**Task directions**
Beginning with the line containing "氨基酸分析方法開(kāi)發" and ending with the line containing "Perserriget: guldplade af", write out each line of the records below exactly; pictures and lines outside that range are left out.

**Material provided**
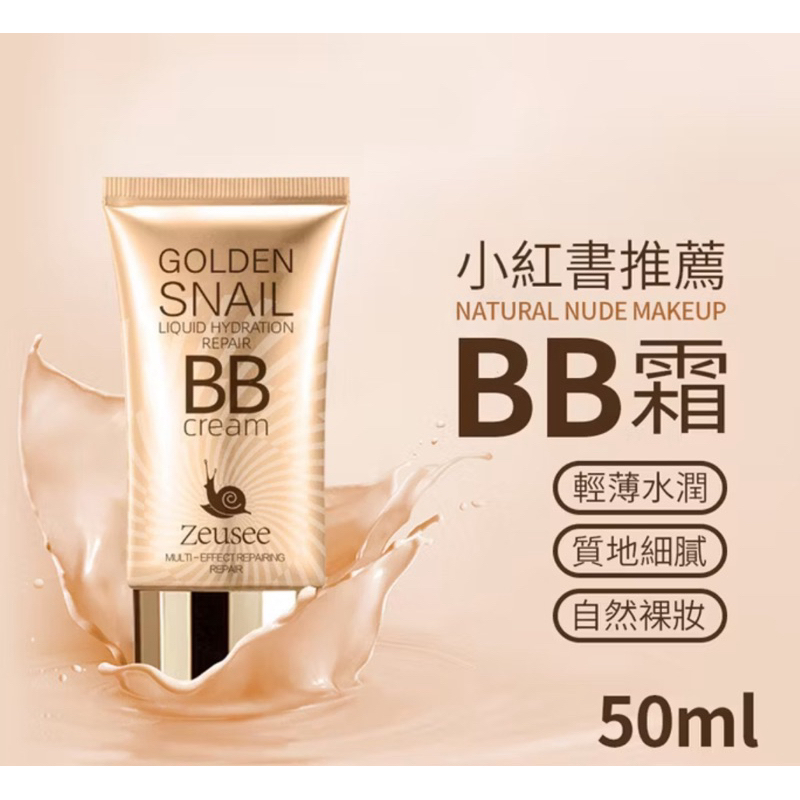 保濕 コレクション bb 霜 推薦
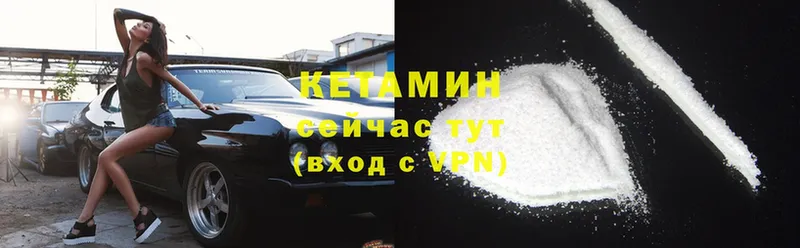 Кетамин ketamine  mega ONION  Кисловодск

* * *

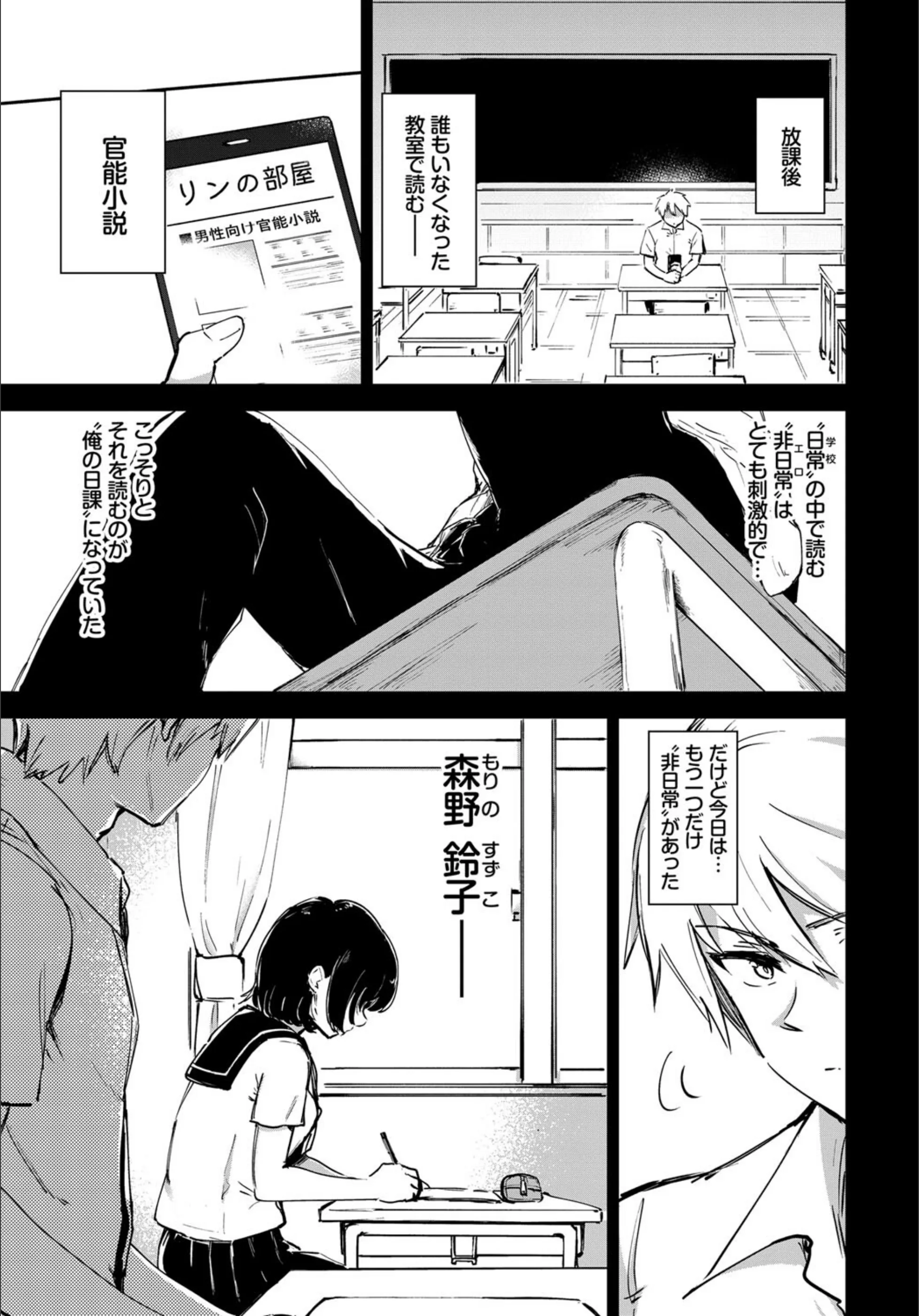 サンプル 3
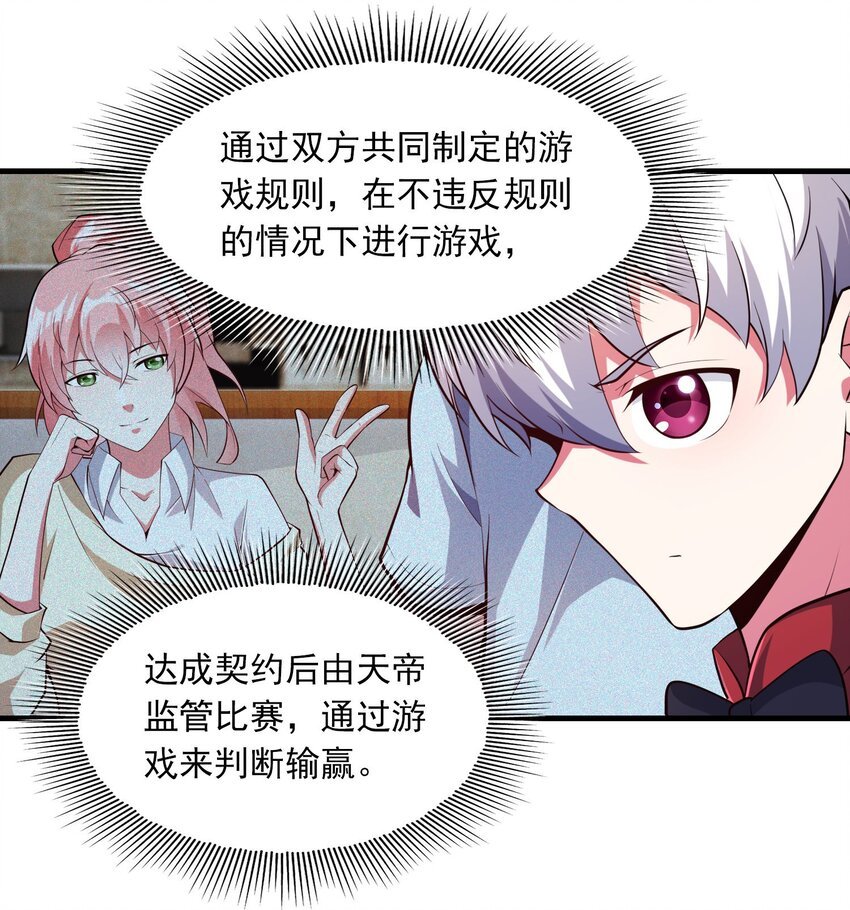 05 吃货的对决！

--

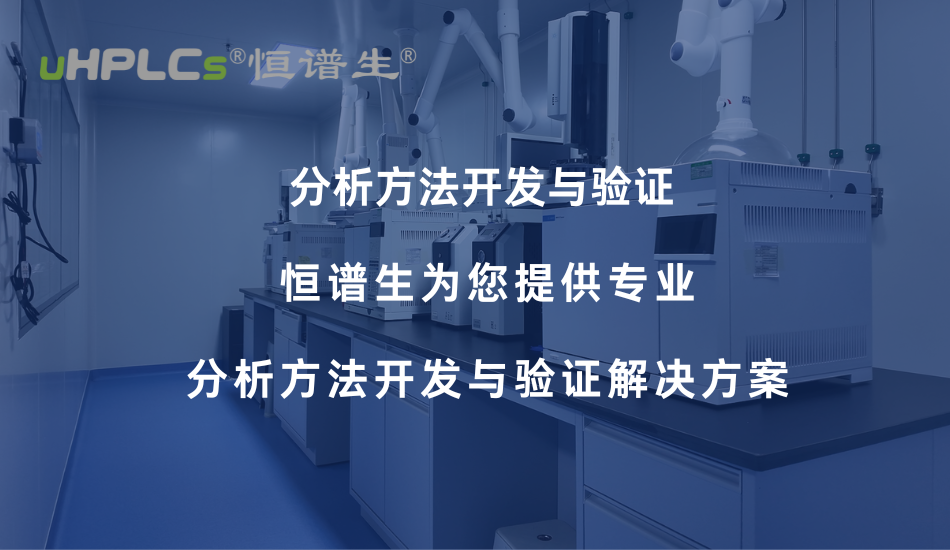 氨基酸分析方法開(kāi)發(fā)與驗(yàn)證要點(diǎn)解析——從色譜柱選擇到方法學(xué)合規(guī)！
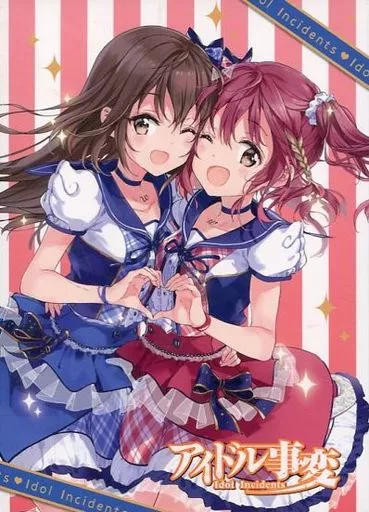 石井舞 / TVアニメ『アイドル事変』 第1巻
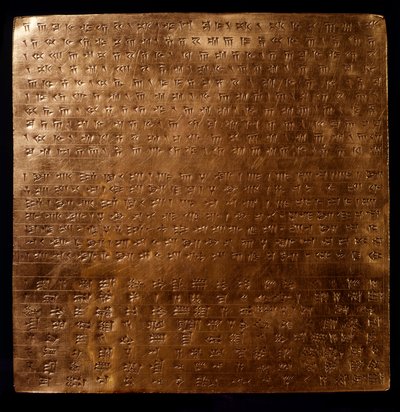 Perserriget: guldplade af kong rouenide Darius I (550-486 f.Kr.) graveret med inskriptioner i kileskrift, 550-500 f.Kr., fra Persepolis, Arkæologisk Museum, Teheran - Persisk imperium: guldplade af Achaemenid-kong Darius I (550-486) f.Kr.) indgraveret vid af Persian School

**Answer box**
 氨基酸分析方法開(kāi)發(fā)與驗(yàn)證要點(diǎn)解析——從色譜柱選擇到方法學(xué)合規(guī)！
 石井舞 / TVアニメ『アイドル事変』 第1巻
 Perserriget: guldplade af kong rouenide Darius I (550-486 f.Kr.) graveret med inskriptioner i kileskrift, 550-500 f.Kr., fra Persepolis, Arkæologisk Museum, Teheran - Persisk imperium: guldplade af Achaemenid-kong Darius I (550-486) f.Kr.) indgraveret vid af Persian School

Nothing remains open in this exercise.